Verify the correctness of your environment using the following commands:

python -c 'import psiflow'  # python import should work
which work_queue_worker     # tests whether ndcctools is available and on PATH

Execution

Psiflow scripts are executed as a simple Python process. Internally, it relies on Parsl to analyze the dependencies between different tasks and execute the calculations asynchronously and as fast as possible. To achieve this, it automatically requests the compute resources it needs during execution.

To make this work, it is necessary to define precisely how ML potential training, molecular dynamics, and QM calculations should proceed, and (ii) how the required resources for those calculations should be obtained. These additional parameters are to be specified in a separate 'configuration' .yaml file, which is passed into the main Python workflow script as an argument. The configuration file has a specific structure which is explained in the following sections. In many cases, you will be able to start from one of the example configurations in the repository and adapt it for your cluster. We also suggest you to go through Parsl's documentation on execution first as this will improve your understanding of what follows.

There are three types of calculations:

ML potential training (ModelTraining)
ML potential inference, i.e. molecular dynamics (ModelEvaluation)
QM calculations (CP2K, GPAW, ORCA)

and the structure of a typical config.yaml consequently looks like this

# top level options define the overall behavior
# see below for a full list
container_engine: <singularity or apptainer>
container_uri: <link to container, i.e. oras://ghcr.io/...>

ModelTraining:
  # specifies how ML potential training should be performed
  # and which resources it needs to use

ModelEvaluation:
  # specifies how MD / geometry optimization / hamiltonian computations are performed
  # and which resources it needs to use

CP2K:
  # specifies how CP2K single points need to be performed

GPAW:
  # specifies how GPAW single points need to be performed

ORCA:
  # specifies how ORCA single points need to be performed

1. ML potential training

This defines how model.train() operations are performed. Since training is necessarily performed on a GPU, it is necessary to specify resources in which a GPU is available. Consider the following simple training example

import psiflow
from psiflow.models import load_model
from psiflow.data import Dataset


def main(fraction):
    model = load_model('my_previous_model')
    train, valid = Dataset.load('data.xyz').split(fraction, shuffle=True)
    model.train(train, valid)
    model.save('fraction_{}'.format(fraction))

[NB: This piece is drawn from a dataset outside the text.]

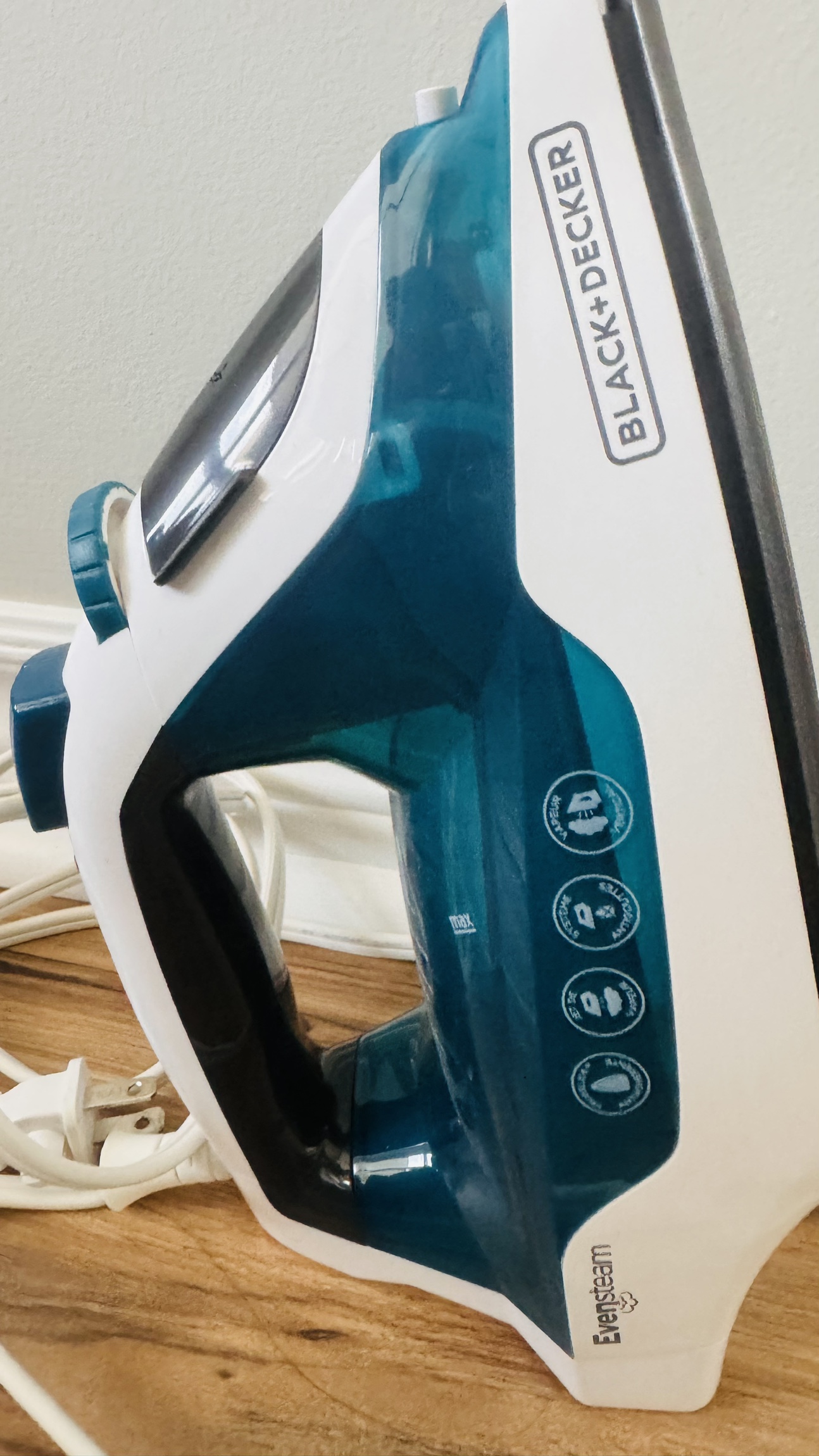 Black+Decker Steam Iron with box - photo 4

if __name__ == '__main__':
    with psiflow.load():    # ensures script waits until everything completes
        main(0.5)
        main(0.7)
        main(0.9)

It will execute three independent training runs, whereby the only difference is in the fraction of training and validation data. Importantly, because their is no dependency between each individual run, they will automatically be executed in parallel. Suppose we are in a terminal on e.g. a login or compute node of a SLURM cluster. Then we can execute the script using the following command:

python train.py config.yaml

The config.yaml file should define how and where the model should be trained and evaluated.

Next, we define how model training should be performed. Internally, Parsl will use that information to construct the appropriate SLURM jobscripts, send them to the scheduler, and once the resources are allocated, start the calculation. For example, assume that the GPU partition on this cluster is named infinite_a100, and it has 12 cores per GPU. Consider the following config

ModelTraining:
  cores_per_worker: 12
  gpu: true
  slurm:
    partition: "infinite_a100"
    account: "112358"
    nodes_per_block: 1
    cores_per_node: 24
    max_blocks: 1
    walltime: "12:00:00"
    scheduler_options: "#SBATCH --gpus=2"

The top-level keyword ModelTraining indicates that we're defining the execution of model.train(). It has a number of special keywords:

cores_per_worker (int): number of CPUs per GPU.
gpu (bool): whether to use GPU(s) -- should almost always be true for training.
slurm (dict): defines compute resources specifically for a SLURM scheduler (i.e. using sbatch/salloc commands). It should include all parameters which are required to create the actual jobscript. Note that the requested resources for a single slurm job can be larger than the required resources per worker. In this particular example, we ask for a single allocation of 2 GPUs and 24 cores in total, with a walltime of 12 hours, and with a limit on the number of running jobs of this type equal to 1 (max_blocks).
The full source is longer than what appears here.